What you need to do: Only what runs from the line with "Middle Frame Ring" to the final line of the records below should be given again, word for word.

Items from a data source
═══
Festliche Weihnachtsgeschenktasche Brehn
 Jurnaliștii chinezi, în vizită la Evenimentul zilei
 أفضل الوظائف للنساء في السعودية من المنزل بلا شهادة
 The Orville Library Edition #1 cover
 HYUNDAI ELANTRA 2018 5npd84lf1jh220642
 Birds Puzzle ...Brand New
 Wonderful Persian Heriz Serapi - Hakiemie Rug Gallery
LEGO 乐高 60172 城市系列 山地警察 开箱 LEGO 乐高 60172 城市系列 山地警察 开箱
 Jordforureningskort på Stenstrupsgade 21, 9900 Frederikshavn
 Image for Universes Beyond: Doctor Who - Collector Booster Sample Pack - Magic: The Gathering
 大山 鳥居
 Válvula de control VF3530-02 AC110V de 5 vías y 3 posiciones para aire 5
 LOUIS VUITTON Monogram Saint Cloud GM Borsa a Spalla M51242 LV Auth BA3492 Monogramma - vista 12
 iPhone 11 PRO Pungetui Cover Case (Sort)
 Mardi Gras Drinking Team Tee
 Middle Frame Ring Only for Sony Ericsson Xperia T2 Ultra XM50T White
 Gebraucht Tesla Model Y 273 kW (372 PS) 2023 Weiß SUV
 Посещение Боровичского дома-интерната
═══
Expected answer:
 Middle Frame Ring Only for Sony Ericsson Xperia T2 Ultra XM50T White
 Gebraucht Tesla Model Y 273 kW (372 PS) 2023 Weiß SUV
 Посещение Боровичского дома-интерната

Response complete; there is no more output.